• _What is being asked_
Every line below is to be copied exactly, with the pictures left out.

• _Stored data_
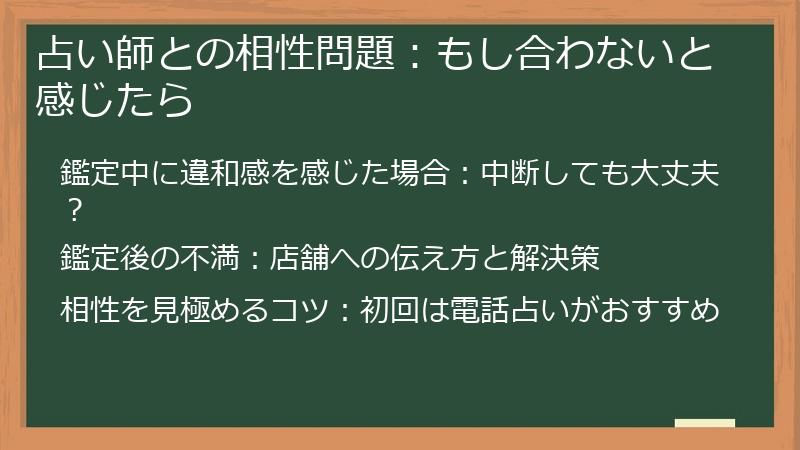 占い師との相性問題：もし合わないと感じたら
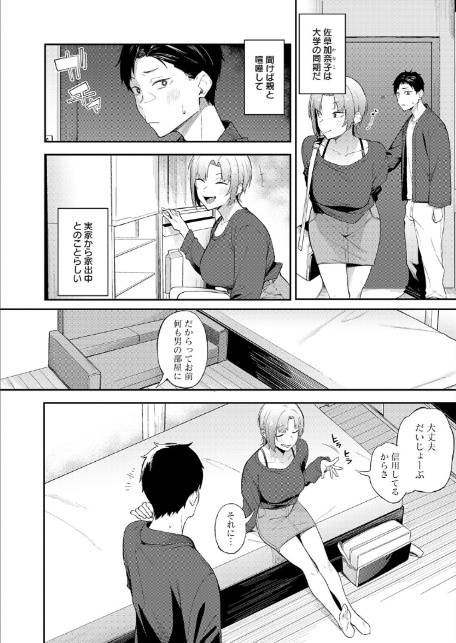 ずるい奴-サンプル画像4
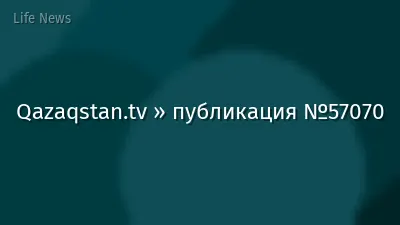 Qazaqstan.tv » публикация №57070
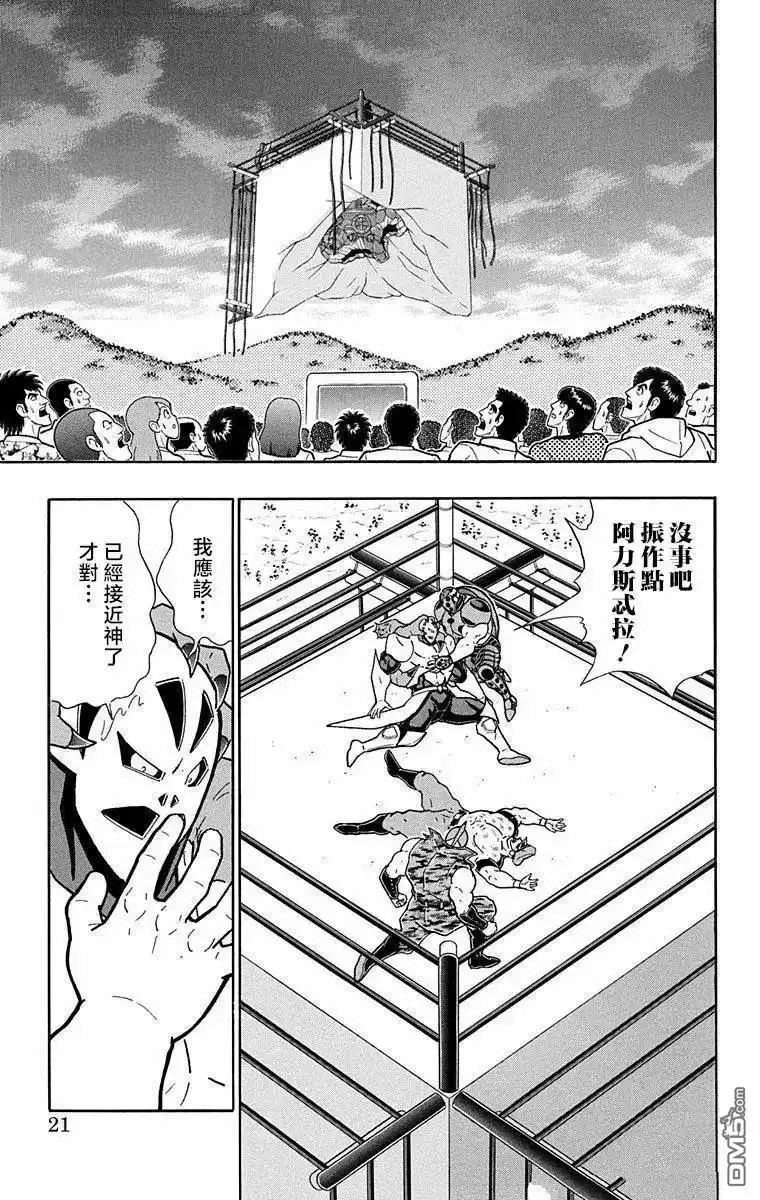 《筋肉人》第299话 第21页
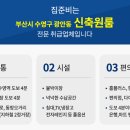 수영로타리약국 이미지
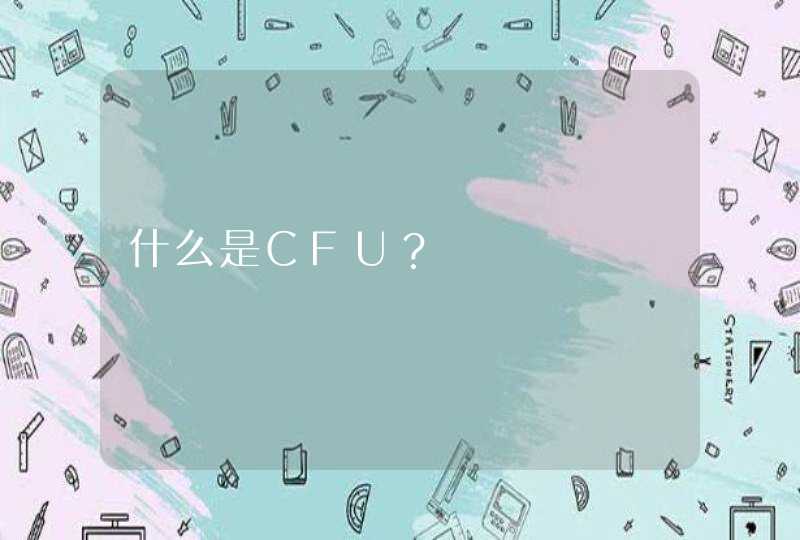 什么是CFU？,第1张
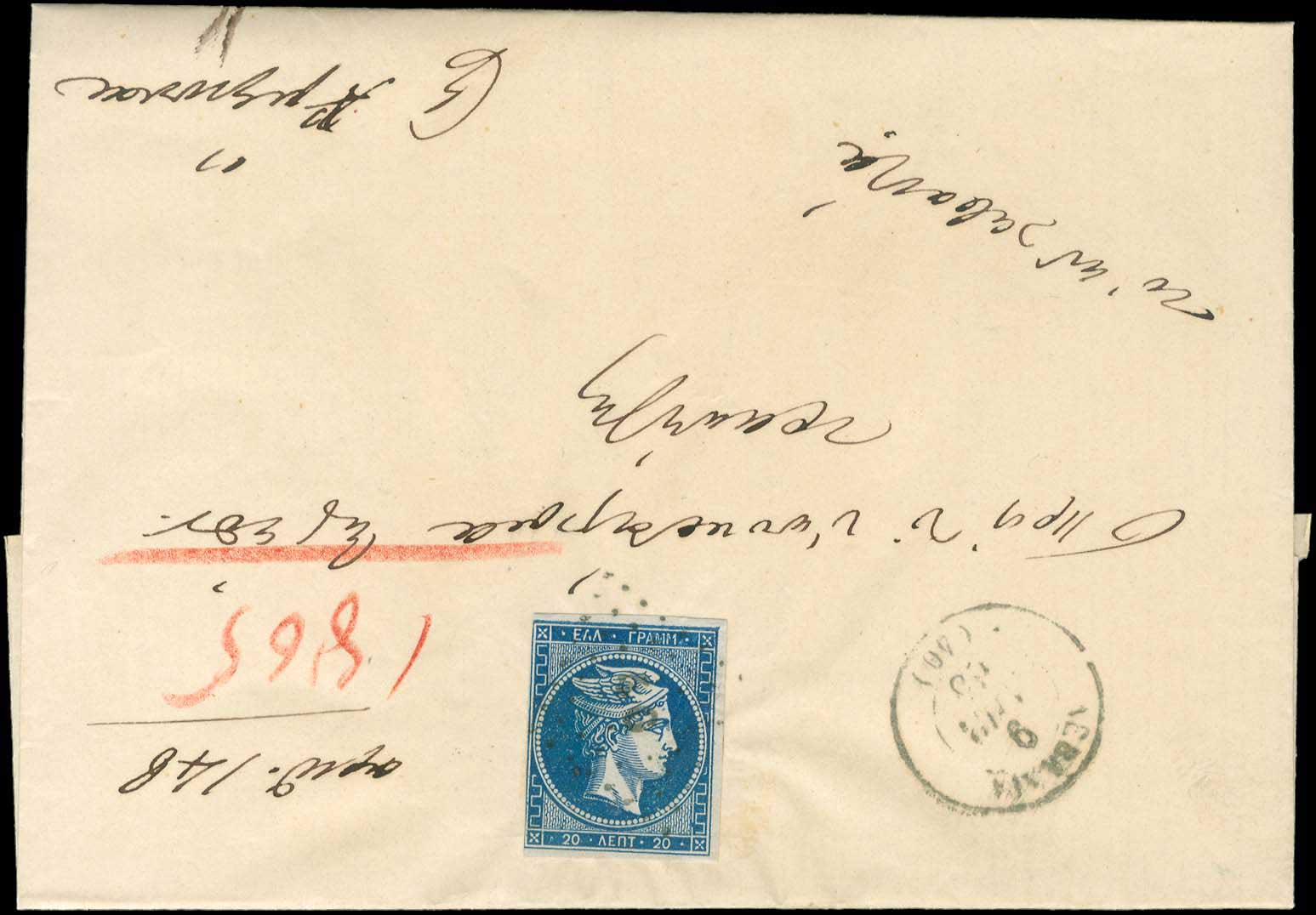 Lot 00064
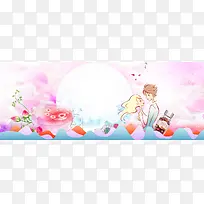 甜蜜情人节几何梦幻粉色banner背景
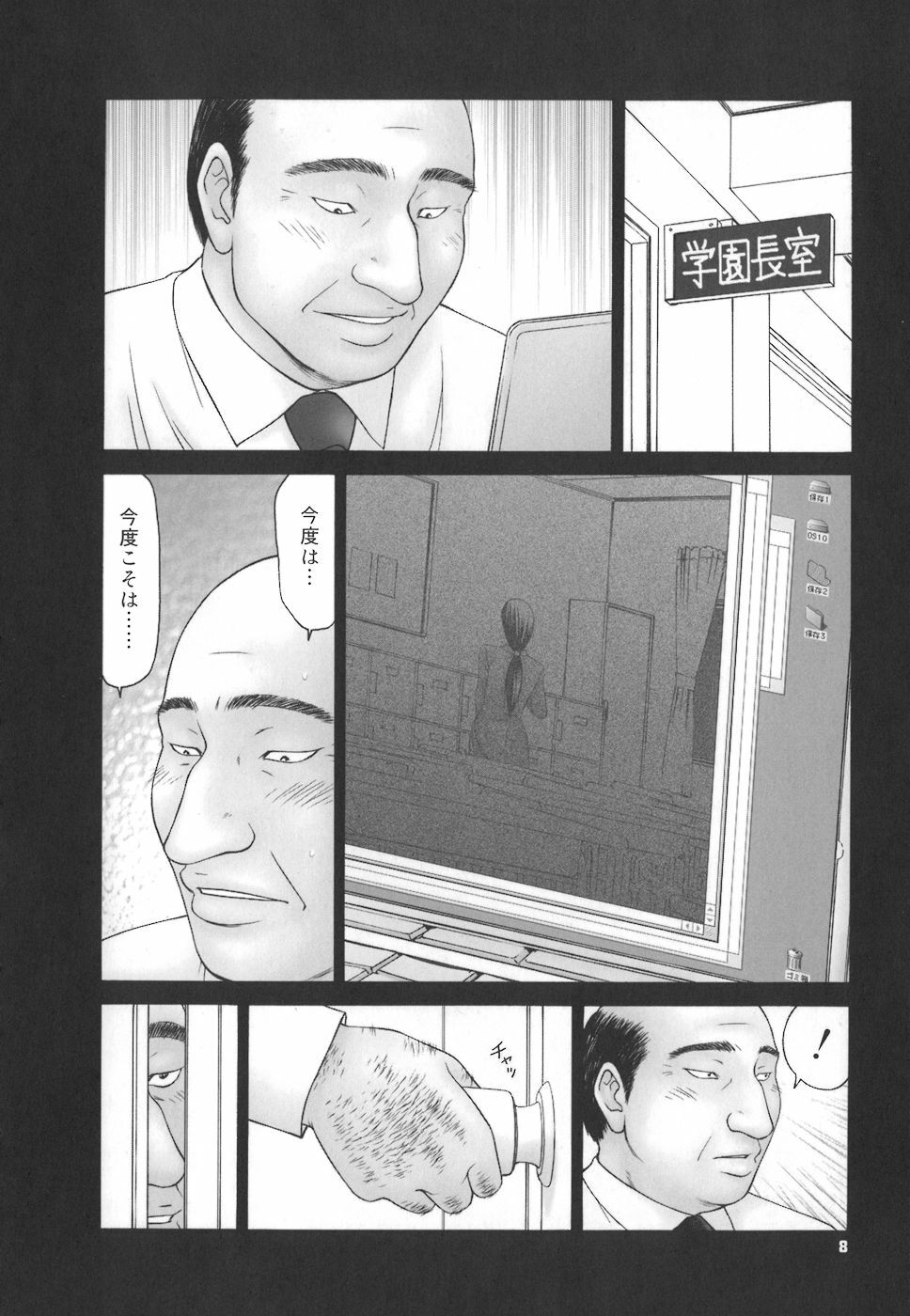 [Ikoma Ippei] Gakuen no Mushikera page 8 full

• _Answer_
 占い師との相性問題：もし合わないと感じたら
 ずるい奴-サンプル画像4
 Qazaqstan.tv » публикация №57070
 《筋肉人》第299话 第21页
 수영로타리약국 이미지
 什么是CFU？,第1张
 Lot 00064
 甜蜜情人节几何梦幻粉色banner背景
 [Ikoma Ippei] Gakuen no Mushikera page 8 full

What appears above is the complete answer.